EXERCISE OBJECTIVE> Below are the records; output them exactly from the first line through the line with "used 2024 Toyota", stopping there.

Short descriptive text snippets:
+ + + + + + +

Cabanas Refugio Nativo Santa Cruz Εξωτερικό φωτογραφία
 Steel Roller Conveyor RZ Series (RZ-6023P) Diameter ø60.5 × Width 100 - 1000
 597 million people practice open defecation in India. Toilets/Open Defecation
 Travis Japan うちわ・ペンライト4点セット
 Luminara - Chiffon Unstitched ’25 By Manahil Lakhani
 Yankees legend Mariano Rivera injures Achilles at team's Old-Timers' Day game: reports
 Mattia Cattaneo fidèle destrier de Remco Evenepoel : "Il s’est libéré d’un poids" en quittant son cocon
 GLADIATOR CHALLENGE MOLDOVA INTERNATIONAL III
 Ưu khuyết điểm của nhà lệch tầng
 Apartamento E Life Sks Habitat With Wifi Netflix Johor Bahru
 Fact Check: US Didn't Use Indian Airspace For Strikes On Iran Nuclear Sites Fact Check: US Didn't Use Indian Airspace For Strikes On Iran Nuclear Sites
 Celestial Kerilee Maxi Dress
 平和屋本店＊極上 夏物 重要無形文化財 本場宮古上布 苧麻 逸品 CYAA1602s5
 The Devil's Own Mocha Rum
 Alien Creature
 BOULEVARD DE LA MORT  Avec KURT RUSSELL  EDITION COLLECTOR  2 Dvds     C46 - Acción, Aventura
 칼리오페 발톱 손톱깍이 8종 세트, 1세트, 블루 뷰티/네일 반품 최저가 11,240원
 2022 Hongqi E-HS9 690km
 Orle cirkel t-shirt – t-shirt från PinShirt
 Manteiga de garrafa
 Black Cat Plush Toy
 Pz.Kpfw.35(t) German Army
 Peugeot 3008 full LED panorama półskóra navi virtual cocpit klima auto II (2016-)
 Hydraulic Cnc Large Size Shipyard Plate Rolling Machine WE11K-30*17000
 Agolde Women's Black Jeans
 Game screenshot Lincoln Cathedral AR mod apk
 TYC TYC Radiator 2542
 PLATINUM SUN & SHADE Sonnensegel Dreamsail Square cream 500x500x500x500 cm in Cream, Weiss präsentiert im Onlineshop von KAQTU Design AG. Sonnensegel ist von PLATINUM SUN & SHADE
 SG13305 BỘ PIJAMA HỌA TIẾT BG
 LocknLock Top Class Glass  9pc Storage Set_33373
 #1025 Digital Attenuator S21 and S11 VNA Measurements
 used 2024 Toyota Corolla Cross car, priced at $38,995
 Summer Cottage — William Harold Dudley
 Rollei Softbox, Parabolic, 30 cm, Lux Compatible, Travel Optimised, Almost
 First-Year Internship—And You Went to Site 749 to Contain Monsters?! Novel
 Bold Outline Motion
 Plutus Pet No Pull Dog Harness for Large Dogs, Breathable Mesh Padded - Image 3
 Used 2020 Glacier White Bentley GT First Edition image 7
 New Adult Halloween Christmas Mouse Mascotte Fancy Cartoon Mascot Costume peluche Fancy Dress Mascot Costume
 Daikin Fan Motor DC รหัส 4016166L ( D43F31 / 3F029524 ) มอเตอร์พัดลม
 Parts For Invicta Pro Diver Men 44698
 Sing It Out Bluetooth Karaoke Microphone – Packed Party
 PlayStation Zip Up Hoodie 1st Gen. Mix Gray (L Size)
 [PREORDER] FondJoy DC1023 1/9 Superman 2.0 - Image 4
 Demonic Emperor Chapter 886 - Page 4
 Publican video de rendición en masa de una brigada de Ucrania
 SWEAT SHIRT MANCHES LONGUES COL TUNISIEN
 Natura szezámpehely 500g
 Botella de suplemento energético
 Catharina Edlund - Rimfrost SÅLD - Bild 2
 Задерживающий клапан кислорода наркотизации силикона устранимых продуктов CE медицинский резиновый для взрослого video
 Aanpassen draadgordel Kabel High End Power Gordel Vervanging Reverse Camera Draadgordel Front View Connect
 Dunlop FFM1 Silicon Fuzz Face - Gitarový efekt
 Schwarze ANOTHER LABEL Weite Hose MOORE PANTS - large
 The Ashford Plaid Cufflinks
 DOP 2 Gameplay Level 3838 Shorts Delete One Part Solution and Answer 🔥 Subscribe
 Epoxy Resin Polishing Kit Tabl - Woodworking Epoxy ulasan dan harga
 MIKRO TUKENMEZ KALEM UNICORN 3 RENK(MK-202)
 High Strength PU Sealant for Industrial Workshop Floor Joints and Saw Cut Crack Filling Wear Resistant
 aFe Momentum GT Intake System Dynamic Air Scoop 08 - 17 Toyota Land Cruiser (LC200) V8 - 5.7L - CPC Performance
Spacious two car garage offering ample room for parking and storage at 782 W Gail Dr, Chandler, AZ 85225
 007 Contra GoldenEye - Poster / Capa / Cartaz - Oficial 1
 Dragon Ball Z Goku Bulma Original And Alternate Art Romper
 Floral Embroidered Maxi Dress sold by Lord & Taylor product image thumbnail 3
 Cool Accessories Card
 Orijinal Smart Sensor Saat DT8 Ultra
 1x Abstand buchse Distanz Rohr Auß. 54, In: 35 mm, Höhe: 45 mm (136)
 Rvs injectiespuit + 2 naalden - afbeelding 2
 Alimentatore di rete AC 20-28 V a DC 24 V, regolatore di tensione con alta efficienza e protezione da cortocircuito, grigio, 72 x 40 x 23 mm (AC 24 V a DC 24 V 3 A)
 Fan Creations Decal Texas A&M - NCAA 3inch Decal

+ + + + + + +

SOLUTION TO THE EXERCISE>
Cabanas Refugio Nativo Santa Cruz Εξωτερικό φωτογραφία
 Steel Roller Conveyor RZ Series (RZ-6023P) Diameter ø60.5 × Width 100 - 1000
 597 million people practice open defecation in India. Toilets/Open Defecation
 Travis Japan うちわ・ペンライト4点セット
 Luminara - Chiffon Unstitched ’25 By Manahil Lakhani
 Yankees legend Mariano Rivera injures Achilles at team's Old-Timers' Day game: reports
 Mattia Cattaneo fidèle destrier de Remco Evenepoel : "Il s’est libéré d’un poids" en quittant son cocon
 GLADIATOR CHALLENGE MOLDOVA INTERNATIONAL III
 Ưu khuyết điểm của nhà lệch tầng
 Apartamento E Life Sks Habitat With Wifi Netflix Johor Bahru
 Fact Check: US Didn't Use Indian Airspace For Strikes On Iran Nuclear Sites Fact Check: US Didn't Use Indian Airspace For Strikes On Iran Nuclear Sites
 Celestial Kerilee Maxi Dress
 平和屋本店＊極上 夏物 重要無形文化財 本場宮古上布 苧麻 逸品 CYAA1602s5
 The Devil's Own Mocha Rum
 Alien Creature
 BOULEVARD DE LA MORT  Avec KURT RUSSELL  EDITION COLLECTOR  2 Dvds     C46 - Acción, Aventura
 칼리오페 발톱 손톱깍이 8종 세트, 1세트, 블루 뷰티/네일 반품 최저가 11,240원
 2022 Hongqi E-HS9 690km
 Orle cirkel t-shirt – t-shirt från PinShirt
 Manteiga de garrafa
 Black Cat Plush Toy
 Pz.Kpfw.35(t) German Army
 Peugeot 3008 full LED panorama półskóra navi virtual cocpit klima auto II (2016-)
 Hydraulic Cnc Large Size Shipyard Plate Rolling Machine WE11K-30*17000
 Agolde Women's Black Jeans
 Game screenshot Lincoln Cathedral AR mod apk
 TYC TYC Radiator 2542
 PLATINUM SUN & SHADE Sonnensegel Dreamsail Square cream 500x500x500x500 cm in Cream, Weiss präsentiert im Onlineshop von KAQTU Design AG. Sonnensegel ist von PLATINUM SUN & SHADE
 SG13305 BỘ PIJAMA HỌA TIẾT BG
 LocknLock Top Class Glass  9pc Storage Set_33373
 #1025 Digital Attenuator S21 and S11 VNA Measurements
 used 2024 Toyota Corolla Cross car, priced at $38,995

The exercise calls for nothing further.